## Problem statement
Your answer should consist solely of the lines from the first line of the data through the line with "Method and Device", each reproduced exactly.

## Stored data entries
● ● ●
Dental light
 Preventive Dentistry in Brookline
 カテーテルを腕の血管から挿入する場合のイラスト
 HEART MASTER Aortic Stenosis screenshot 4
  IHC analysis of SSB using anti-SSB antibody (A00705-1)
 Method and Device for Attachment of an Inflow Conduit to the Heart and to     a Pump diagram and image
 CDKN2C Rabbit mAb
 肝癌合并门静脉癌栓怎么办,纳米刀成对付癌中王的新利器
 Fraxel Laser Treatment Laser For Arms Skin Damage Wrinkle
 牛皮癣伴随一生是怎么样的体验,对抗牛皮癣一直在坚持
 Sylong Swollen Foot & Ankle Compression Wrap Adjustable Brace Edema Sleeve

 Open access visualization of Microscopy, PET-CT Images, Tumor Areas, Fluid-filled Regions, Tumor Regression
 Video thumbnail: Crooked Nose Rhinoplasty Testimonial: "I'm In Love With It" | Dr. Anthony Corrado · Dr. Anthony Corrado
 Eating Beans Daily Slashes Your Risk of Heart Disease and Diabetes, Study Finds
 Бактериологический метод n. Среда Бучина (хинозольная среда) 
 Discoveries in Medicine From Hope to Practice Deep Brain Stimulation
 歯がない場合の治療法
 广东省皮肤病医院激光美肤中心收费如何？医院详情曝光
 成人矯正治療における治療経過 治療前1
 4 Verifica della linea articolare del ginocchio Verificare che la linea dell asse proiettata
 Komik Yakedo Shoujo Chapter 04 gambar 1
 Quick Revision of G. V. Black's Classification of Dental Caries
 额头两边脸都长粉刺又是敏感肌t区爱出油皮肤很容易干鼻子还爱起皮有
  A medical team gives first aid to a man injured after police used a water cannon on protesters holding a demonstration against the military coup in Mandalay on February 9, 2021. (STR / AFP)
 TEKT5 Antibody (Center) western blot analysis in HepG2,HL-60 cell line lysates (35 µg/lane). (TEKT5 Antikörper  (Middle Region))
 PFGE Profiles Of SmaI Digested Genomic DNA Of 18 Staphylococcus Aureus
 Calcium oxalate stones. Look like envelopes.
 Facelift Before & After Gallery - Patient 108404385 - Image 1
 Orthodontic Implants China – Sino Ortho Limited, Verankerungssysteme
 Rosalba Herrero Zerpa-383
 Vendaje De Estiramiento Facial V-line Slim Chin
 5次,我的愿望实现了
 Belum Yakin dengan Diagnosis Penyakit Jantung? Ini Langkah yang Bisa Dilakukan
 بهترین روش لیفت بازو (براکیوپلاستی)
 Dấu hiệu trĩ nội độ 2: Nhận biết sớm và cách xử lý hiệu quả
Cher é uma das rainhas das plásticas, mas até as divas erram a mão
● ● ●
## Task solution
Dental light
 Preventive Dentistry in Brookline
 カテーテルを腕の血管から挿入する場合のイラスト
 HEART MASTER Aortic Stenosis screenshot 4
  IHC analysis of SSB using anti-SSB antibody (A00705-1)
 Method and Device for Attachment of an Inflow Conduit to the Heart and to     a Pump diagram and image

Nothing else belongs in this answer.